Below is a block of records; return all of them exactly, but without the images.
GIVEN ENTRIES START
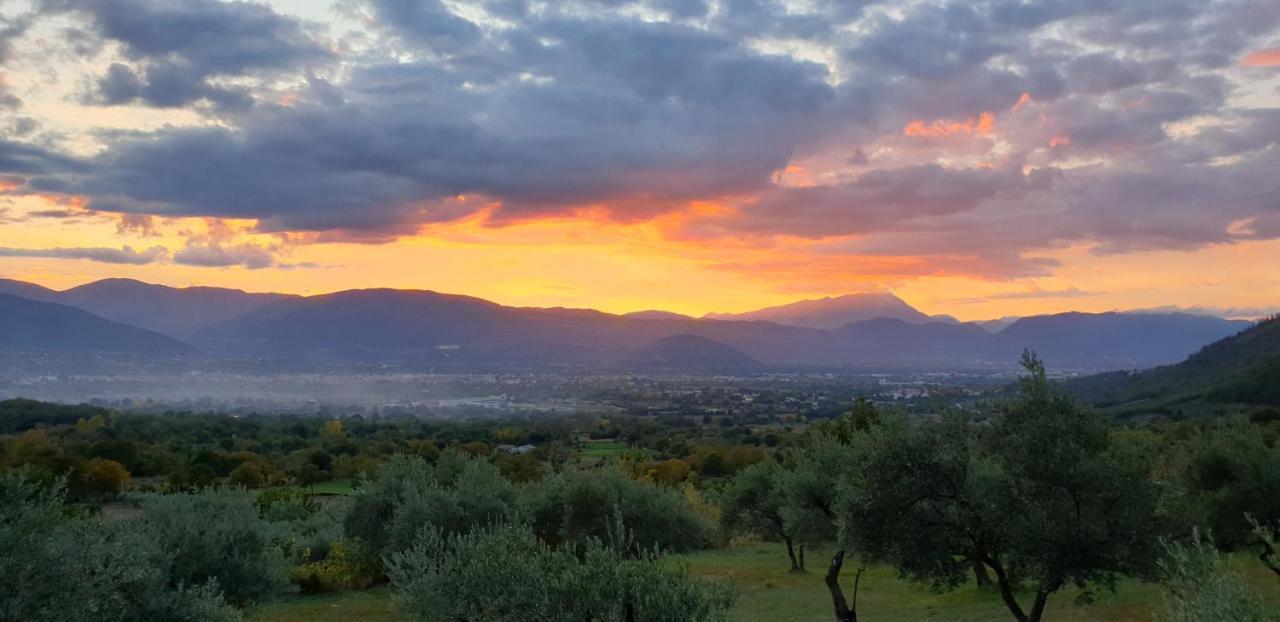 Rocca Lorenizo Pacentro Екстериор снимка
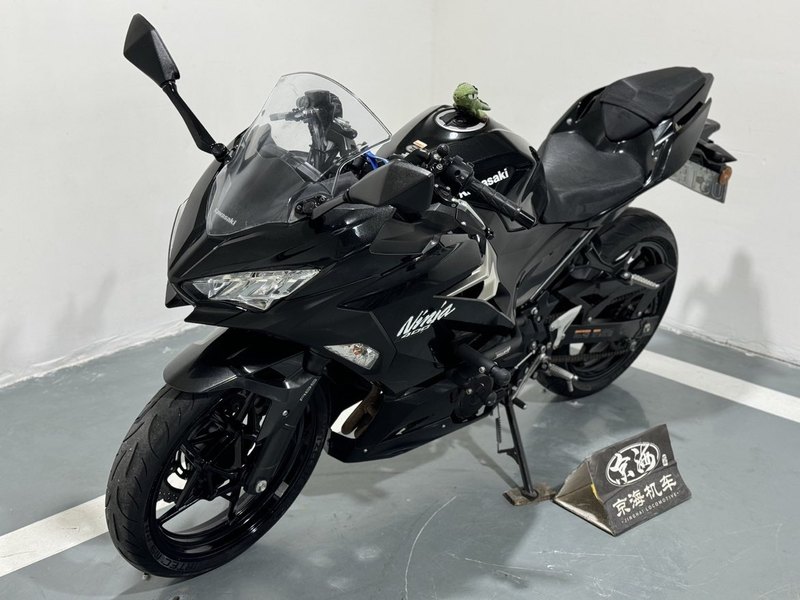 二手川崎Ninja 400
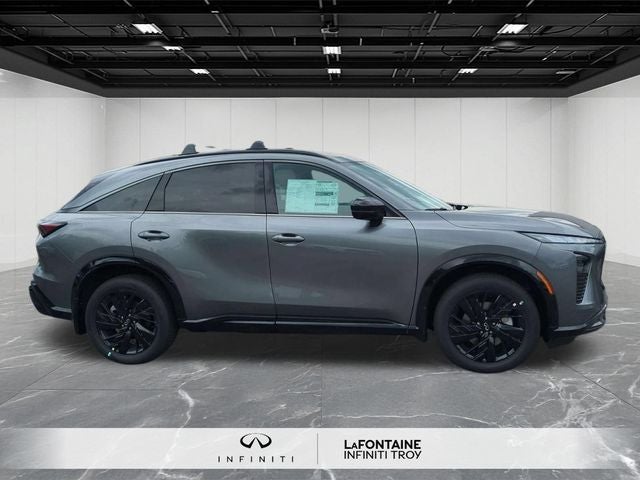 2027 INFINITI QX65 SPORT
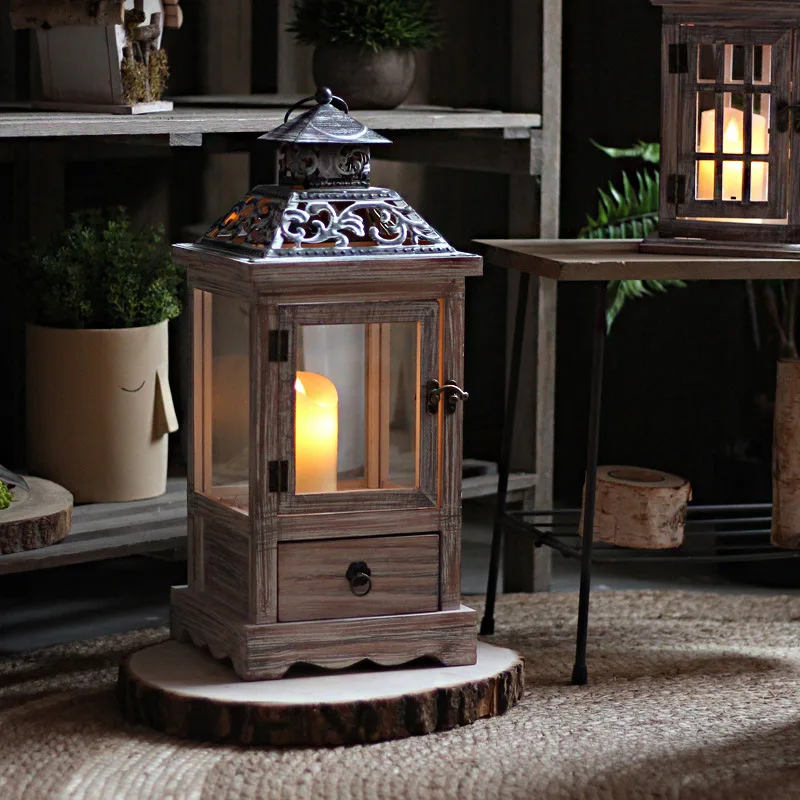 Lâmpada de vento de vidro de m - Collectible Vintage Lamps avaliação e preço
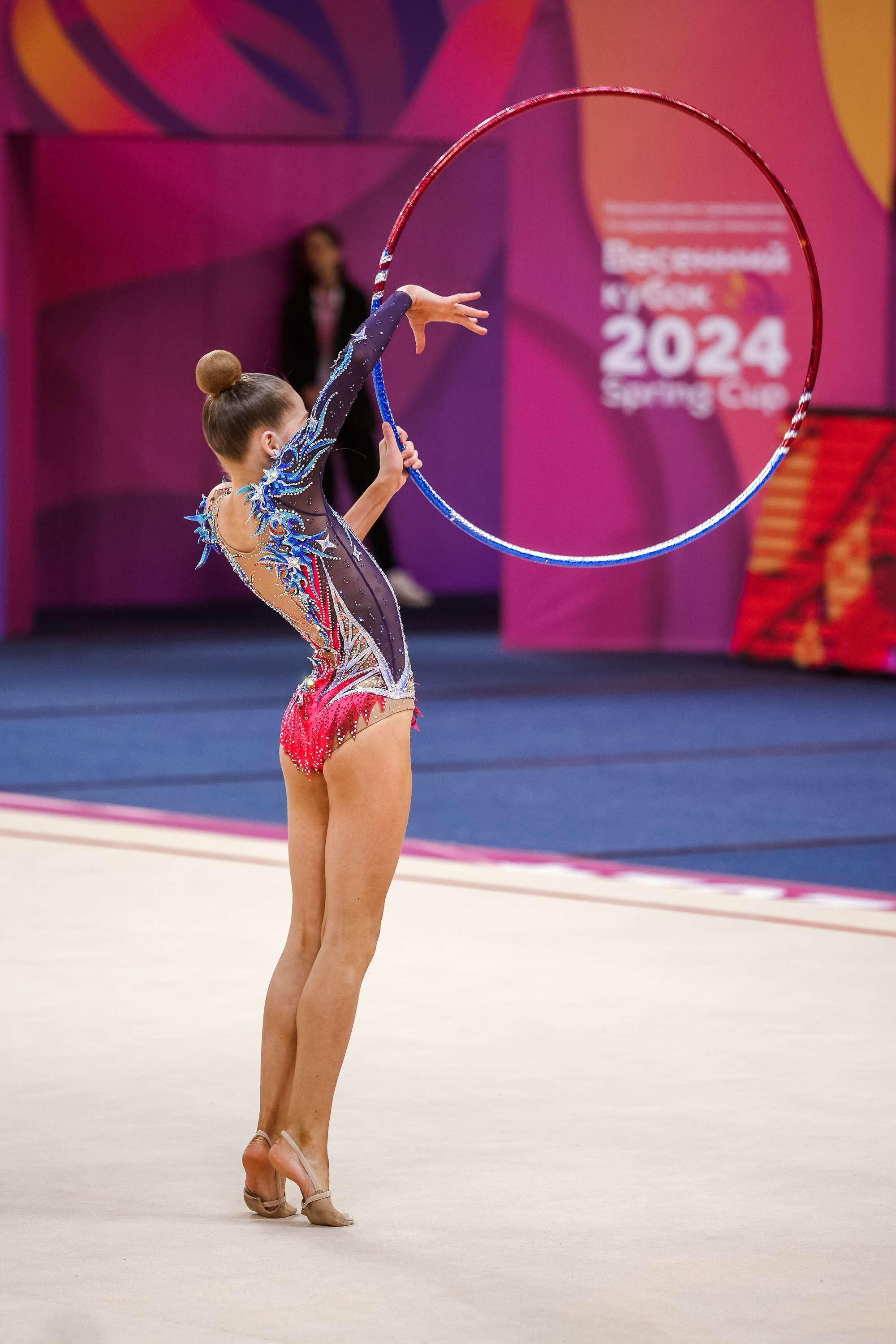 ВЕСЕННИЙ КУБОК 2024. Фотограф Анна Герман. Красноярск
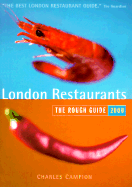 The Rough Guide to London Restaurants, 2nd Edition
GIVEN ENTRIES END
## ANSWER FOR THE TASK
 Rocca Lorenizo Pacentro Екстериор снимка
 二手川崎Ninja 400
 2027 INFINITI QX65 SPORT
 Lâmpada de vento de vidro de m - Collectible Vintage Lamps avaliação e preço
 ВЕСЕННИЙ КУБОК 2024. Фотограф Анна Герман. Красноярск
 The Rough Guide to London Restaurants, 2nd Edition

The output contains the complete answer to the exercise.